How We Acquired a Mobile Home Park with Little Money

While speaking at the Creative Real Estate Online Convention in Atlanta last March, I met Steve at my round-table discussion. During a brief chat after the meeting, it became obvious that Steve is bright and ambitious.

A few months later, Steve telephoned me to discuss the possibility of buying a mobile home park in Georgia, near where he lives. After several telephone conversations and reviewing some of the details, it appeared that Steve had found a park with lots of upside potential. More importantly, the seller appeared to be highly motivated.

The seller started by asking $495,000 for the 69-space park. He had accepted a cash offer of $350,000 from someone else, but the buyer couldn’t raise the money.

Steve agreed to make a firm offer to buy, subject to having thirty days to investigate the feasibility of the park. Using one of the forms from my book, I drafted the offer and emailed it to Steve. Knowing from experience that “nothing gets the attention of a seller like all cash,” we decided to make it a cash offer of $250,000.

The owner countered with $300,000. Steve made another offer of $275,000. The owner agreed to accept $275,000 cash plus a $25,000 mortgage. Steve held firm and assured the owner he wouldn’t pay more than $275,000. Reluctantly, the owner accepted the offer.

Steve had done his homework and I was able to verify his findings. We spent two full days evaluating the property, the local market, zoning and permit requirements, and discussing how we would raise the money and how management, fix-up work, and marketing would be handled.

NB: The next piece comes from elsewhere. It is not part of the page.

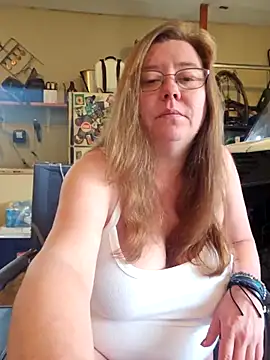 MsShelby40 online show from April 2026 09:57:02 PM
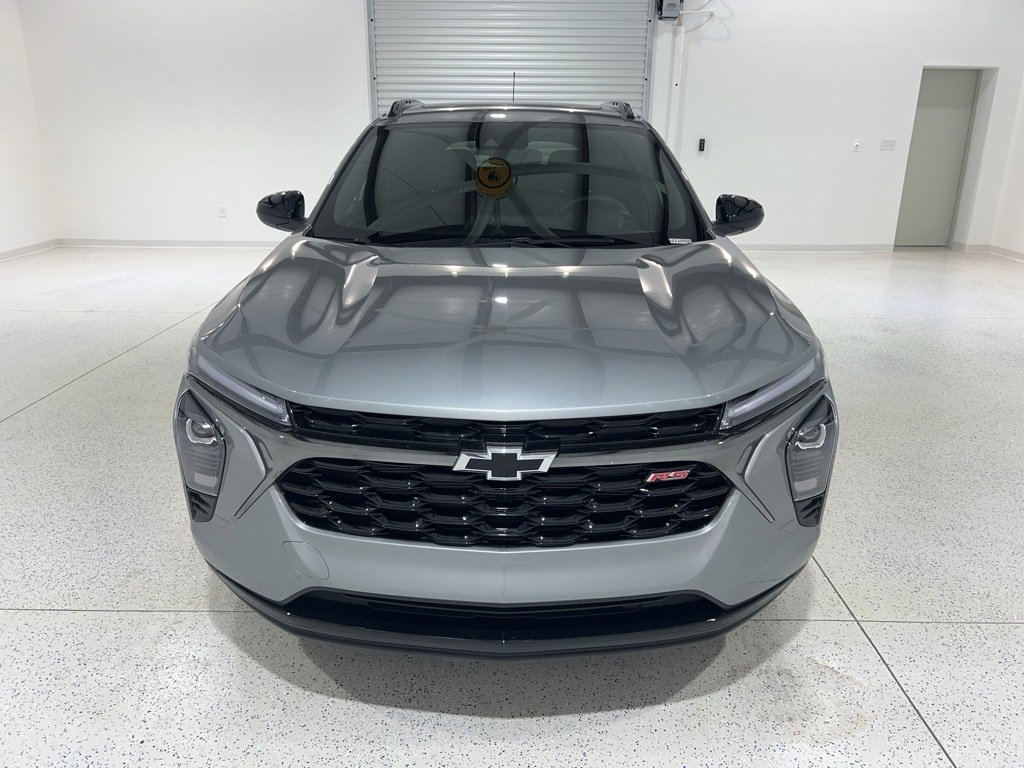 Used 2025 Chevrolet Trax RS w/ Sunroof Package image 8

After agreeing to proceed, I designed a plan and got Steve’s approval, prepared a sales presentation and the appropriate documents. Working with some of my investors, I was able to convince two of them to send us $280,000 cash ($275,000 to buy the park plus $5,000 to cover closing costs). The investors never saw the mobile home park before sending the money–and may never see it.

Why would people buy real estate without ever seeing it? There are two important reasons:

1. It’s because they have done business with me before and they know that they can depend on me to deliver; and

2. Because I also did my homework and presented them with a plan that gives them the “best of both worlds.” It is a net lease with an option to buy, and here are the advantages:

    • Steve and I personally guarantee that the investors will receive a net cash income each month.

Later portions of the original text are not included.